Their adaptability, versatility and ruggedness makes them the perfect commuter bike, an ideal light touring or audax bike, a great winter training bike, or simply one bike that can tackle any sort of terrain you care to take it along. If ever there was a case for the one perfect bike for the British non-racing cyclist, then an adventure bike is probably it.
The US gravel racing scene hasn’t been much emulated in the UK yet, but the style of bike has piqued the interest of British cyclists. The idea of the bigger tyres and relaxed geometry that promotes extra comfort when the going gets rough and bumpy is very attractive given the generally poor state of repair of UK roads. Let's be honest, in many places they're almost gravel anyway.
They can be ridden anywhere, these bikes, on the road and off it. The idea of adventure (or allroad, roadplus and enduroad as some people are calling this style of bike) is also finding fans, with the ability to dart down a bridleway or over the plain or along a fireroad to mix up a regular road ride appealing to cyclists keen to get away from the congested streets and into the wide open countryside.

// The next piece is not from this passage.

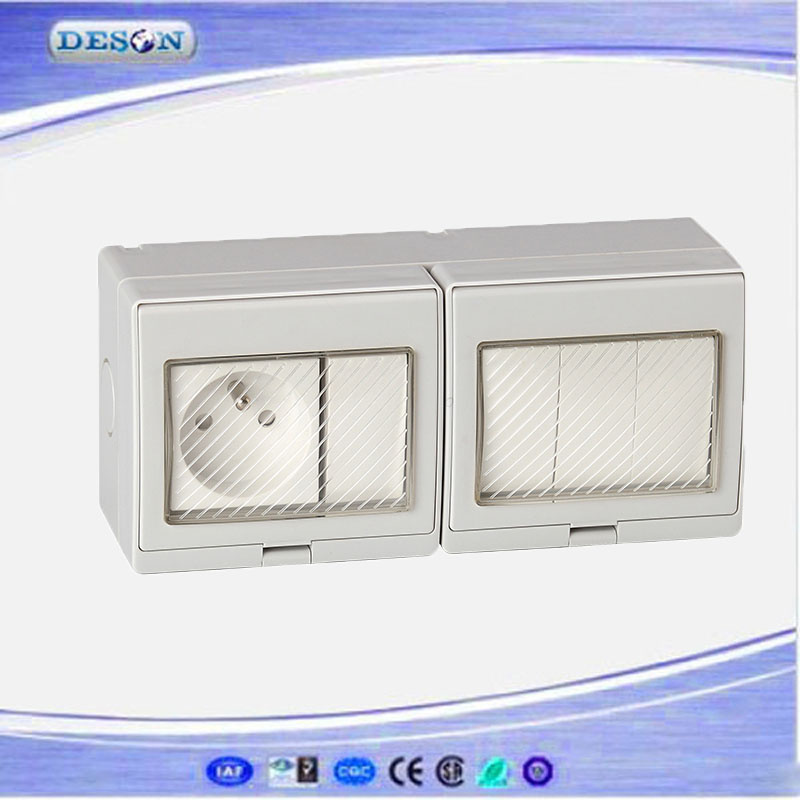 IP55 4 Gang Switch and 1 Gang French Socket Waterproof Wall Switch Socket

Of course, the idea of riding a road bike across any sort of terrain, be it smoothly paved roads or rough and bumpy gravel tracks, woodland trails laced with roots or edge-of-field bridleways, is nothing new really. Road cyclists have been doing it since the dawn of the bicycle. How do you think cyclo-cross was invented? Gravel and adventure bikes, though, are better suited to the demands of on and off-road riding. They split the difference between an endurance road bike and a cyclo-cross bike, with space for bigger tyres than an endurance bike and geometry better suited to road riding than a cyclo-cross bike.